Serious mining incident – Rock fall hits employee during development heading charging
WorkSafe is issuing a reminder about the importance of managing the risks associated with rock fall whilst charging development headings in underground mines.
Published:08 April 2022
An underground development heading was being charged (loaded with explosives) by two employees. The first employee was at ground level close to the development heading face and was loading explosives into drill holes. The second employee was several metres back from the face operating a pneumatic trigger. The development drive was fully ground supported up to the face through a combination of shotcrete, mesh, spilling bars, friction bolts and mechanical lock bolts. The face had been mechanically scaled by a jumbo drill post face drilling and manually checked scaled prior to charging. Approximately 75% of the face was charged 'top-down'.
The first employee was struck by a rock on the helmet that fell approximately 3.5m from the centre of the development face.
The employee was knocked backwards receiving injuries to their shoulder and neck, requiring admission to hospital.
Upon investigation, several pieces of rock were located within the drop zone and had an accumulated weight of approximately 80kg.

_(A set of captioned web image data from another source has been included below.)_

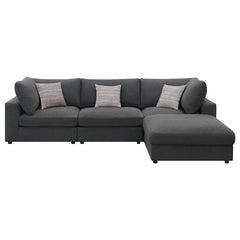 Serene 4-piece Upholstered Modular Sectional Sofa Charcoal - 551324-SETB
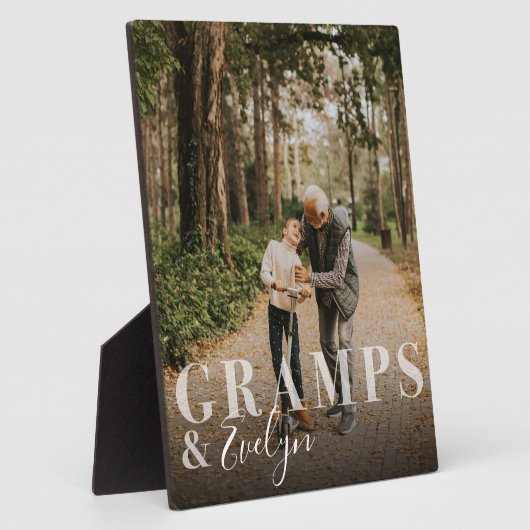 Cadeau voor Gramps & kleinkind Foto Keepsake Fotoplaat (Zijkant)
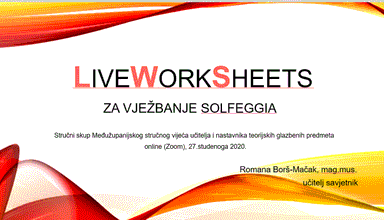 LiveWorkSheets - izrada radnih listova za vježbanje solfeggia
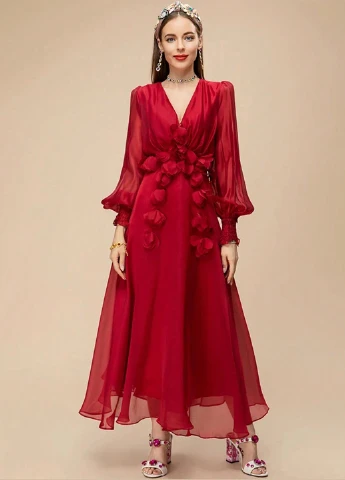 Красное праздничный, вечернее платье а-силуэт SHEIN однотонное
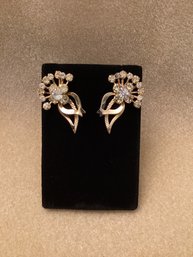 Vintage Multi Shade Rhinestone Sarah Coventry Clip Earrings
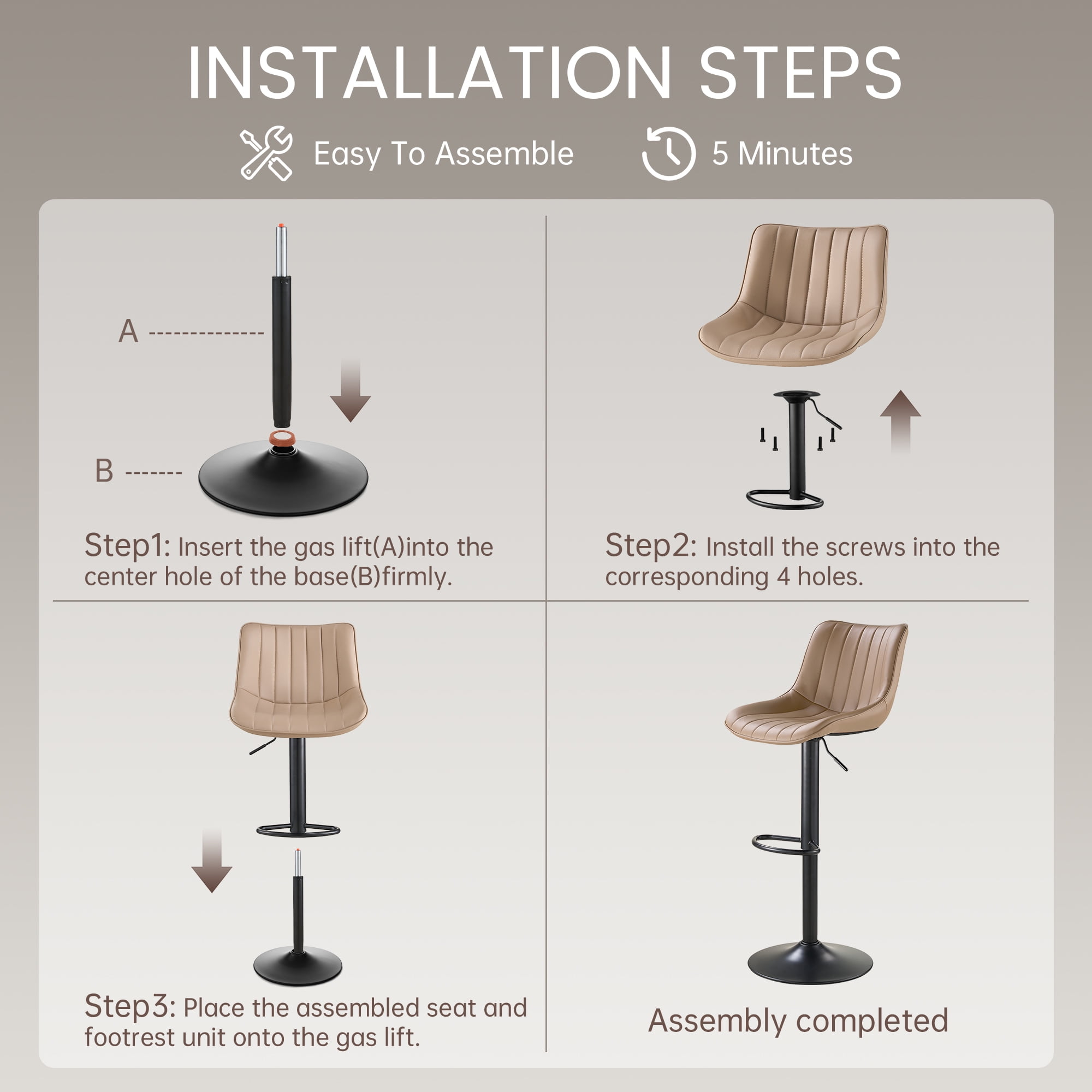 SAETSFEG Bar Stools, Adjustable Swivel Counter Height Bar Stool with Footrest, Modern PU Leather Bar Chairs for Kitchen Island, Dining Room, Oatmeal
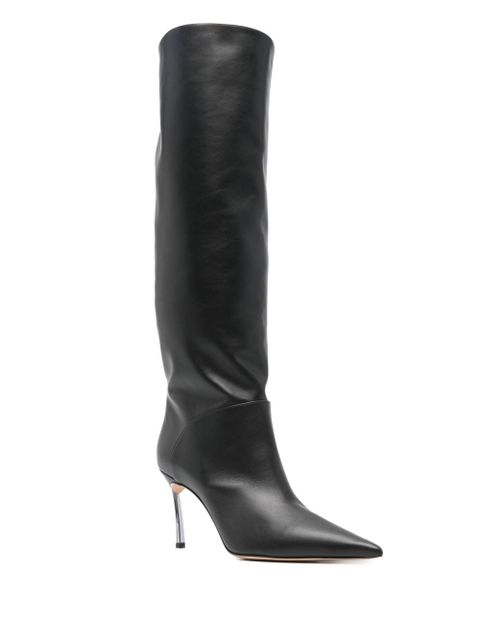 Casadei Superblade 80mm leather boots - Black - zdjęcie produktu nr 2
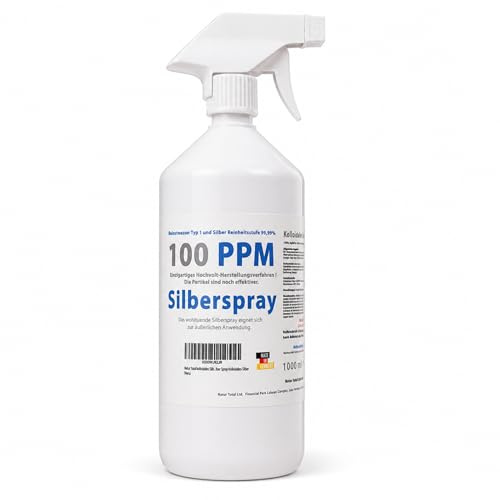 Kolloidales Silberspray für Hunde, Katzen & Pferde 1000ml | 100 PPM Echtes Silber statt Aluminium | Wundspray bei Hot Spot, Juckreiz, Mauke, Ekzem | Made in Germany | Stallapotheke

Common safety issues associated with charging underground development headings include:
exclusion zones not being maintained
batter stability / ground failure / rock fall
fire and/or explosion (including plant fire, misfires)
Figure 1: Development face showing rock fall source and destination.

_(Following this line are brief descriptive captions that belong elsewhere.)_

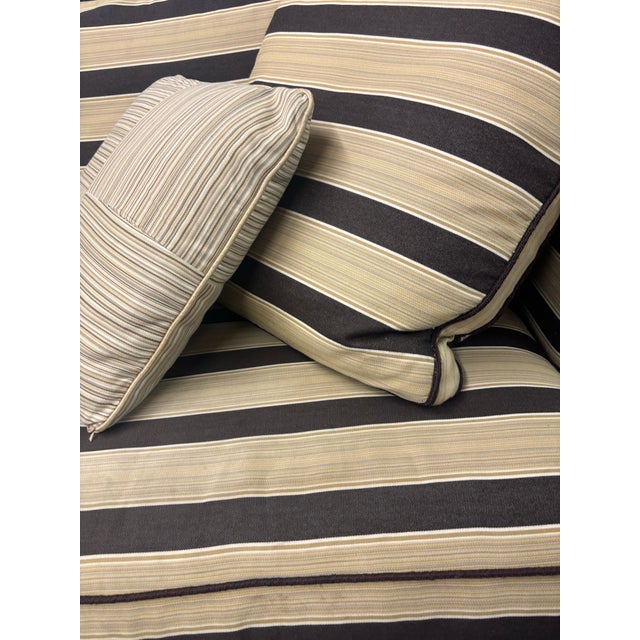 Contemporary Custom Striped Upholstered Sofa Attributed to Burton James For Sale - Image 3 of 4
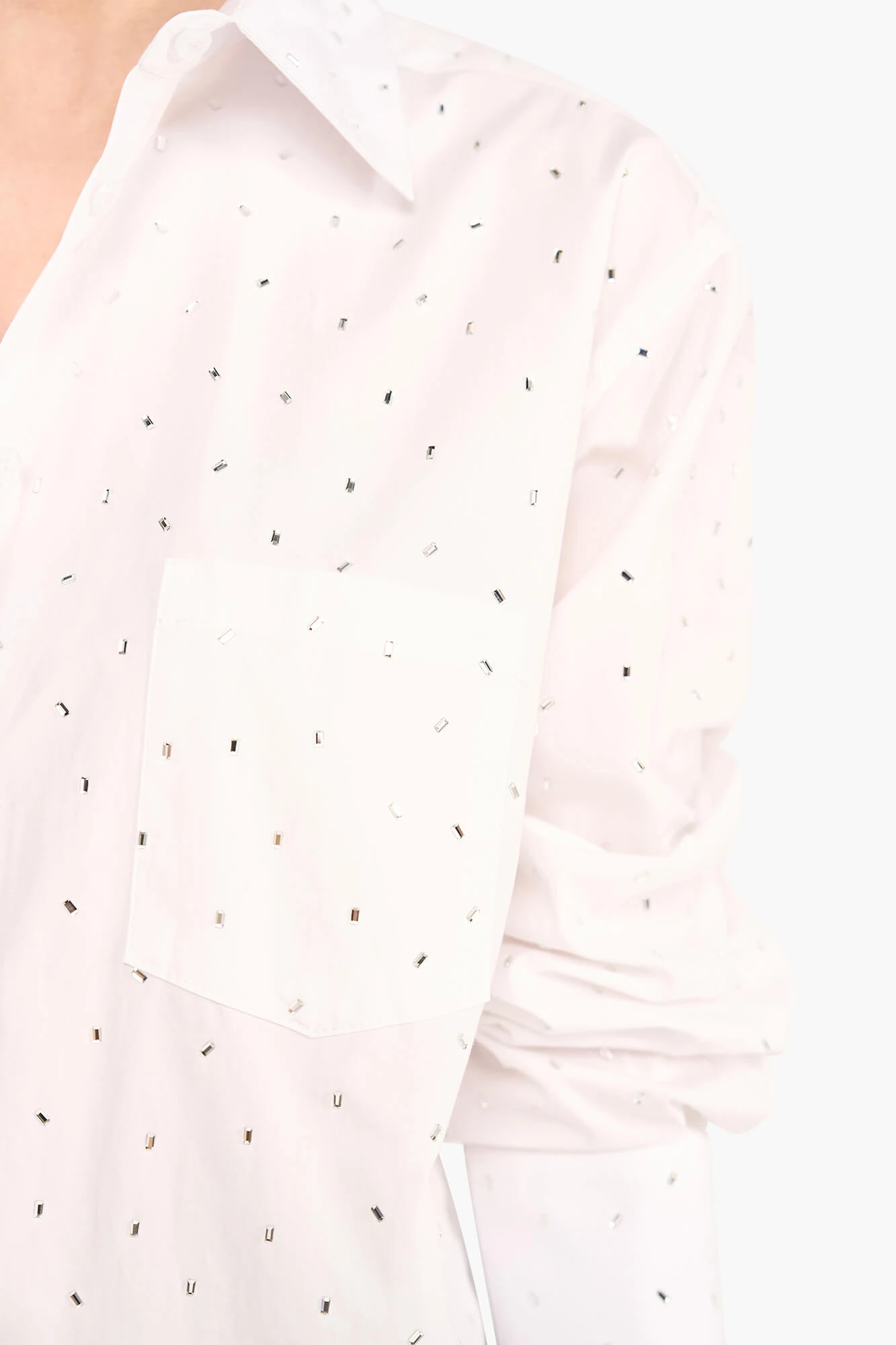 Baumwollbluse für Damen mit Strasssteinen, Kygo, Weiß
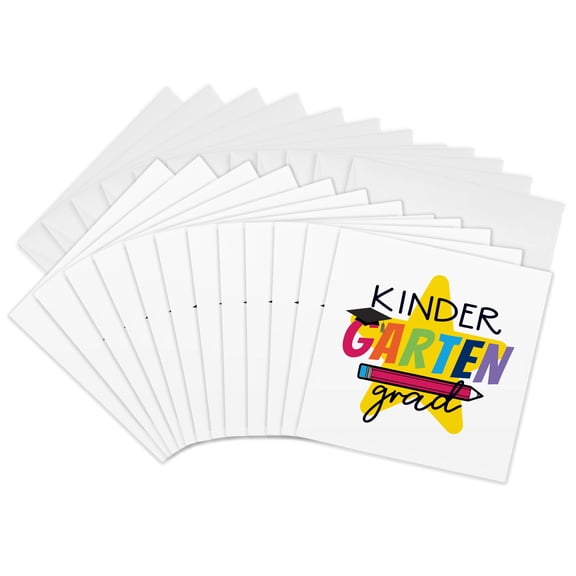 3drose, Kindergarten Grad, 12 Greeting Cards with Envelopes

Figure 2: Development face and rock fall source location.
Recommended ways to control risks
To reduce the risk of ground failure, mine operators must:
Identify all potential hazards during risk assessments and assess the adequacy and benefits of existing control measures
Consider additional control measures, such as:
ground support for securing development faces (e.g. partial or full face meshing further to mechanical and manual scaling).

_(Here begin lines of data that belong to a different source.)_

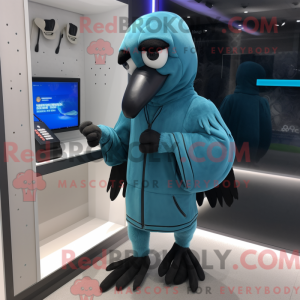 Cyaan Crow-mascottekostuum...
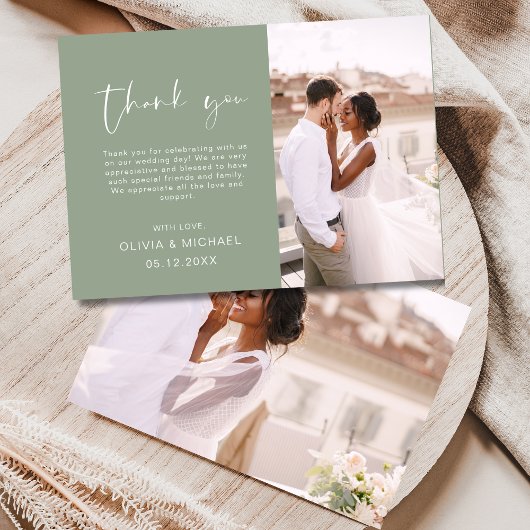 Script Photo Sage Carte de remerciements Mariage v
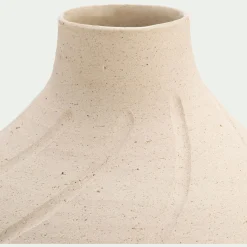 Vase boule en grès H14,5cm - beige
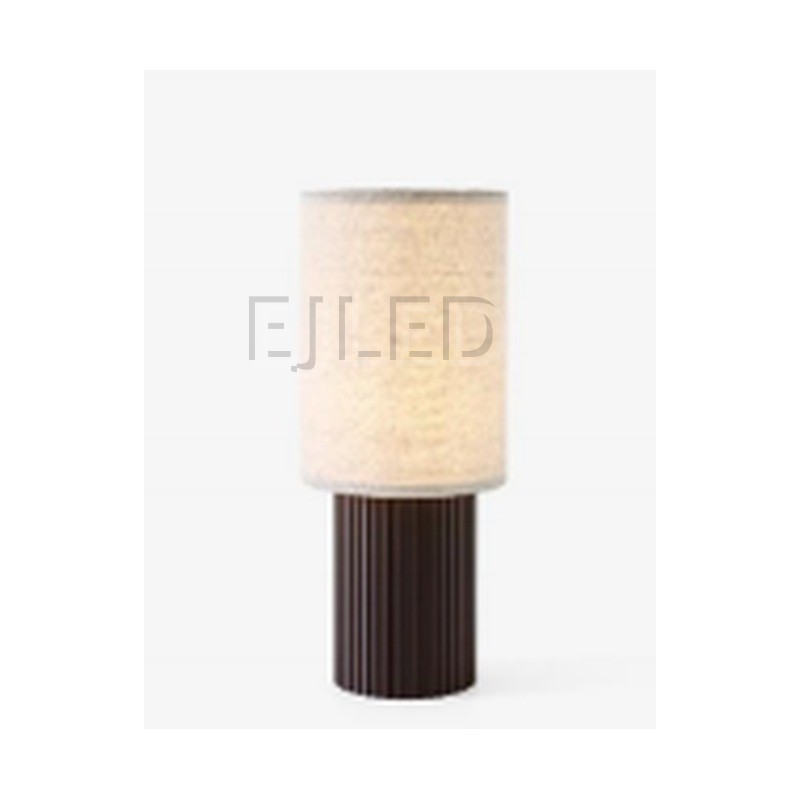 This table lamp features a cylindrical fabric shade paired with a fluted dark brown base, designed for hospitality and residential interior projects. - view 2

exclusion zones and separating distances from unsupported ground.
Include a broad range of expertise and personnel when developing risk assessment teams to ensure all aspects of risk are considered.
Under the Occupational Health and Safety Act 2004, employers must, so far as is reasonably practicable, provide and maintain a working environment that is safe and without risks to the health of employees (this includes contractors and labour hire employees).
Under the Occupational Health and Safety Regulations 2017 (OHS Regulations), mine operators must:
identify all mining hazards at their mine and assess associated risks, so far as is reasonably practicable
implement risk controls that eliminate or reduce risks, so far as is reasonably practicable
establish and implement a safety management system for the mine, which provides a comprehensive and integrated management system for all identified risks.